In the autumn of 1313, Edward finally came to terms with the earls of Lancaster, Hereford and Warwick, who continued stubbornly to maintain that they had merely acted against ‘a public enemy of the land’ and that Edward should be grateful to them for killing his beloved Gaveston.114 On 16 October, the king officially pardoned the men and more than 350 of their adherents.115 Gaveston’s embalmed body still lay unburied with the Dominicans at Oxford; Edward could not bear to put him under the ground.
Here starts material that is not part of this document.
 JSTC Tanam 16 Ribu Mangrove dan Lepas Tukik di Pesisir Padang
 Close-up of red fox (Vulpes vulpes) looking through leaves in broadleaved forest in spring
Edward told the earls of Lancaster, Warwick and Hereford to ‘lay aside all suspicion, and…to come to his presence, and freely obtain the goodwill that they had so often sought’.116 Whatever he was feeling, he again kept control of his emotions as he watched them kneel to him, raised them and kissed them one by one, and absolved them.117 The Sempringham annalist says that the earl of Arundel, whom Edward had not felt the need to pardon for his role in Gaveston’s death, joined Lancaster, Hereford and Warwick in ‘profess[ing] obedience and humiliation to King Edward in the great hall of Westminster.’118 To mark their reconciliation, Edward invited the earls to a banquet, and the following day, they reciprocated.119
Edward had finally learned to conceal his passionate emotions in public, and behaved with all the appearance of friendliness and forgiveness. But later events were to show that Edward had not forgiven. If Lancaster and the others believed that they had done their country a favour by putting the charismatic and aggravating royal favourite to death, they could not have been more wrong. All they had done was ensure that the rift between Edward II and many of his magnates would never be healed, and that Edward’s all-consuming need to avenge his friend’s death would lead, a few years later, to an explosion of political violence and bloodshed unprecedented in English history.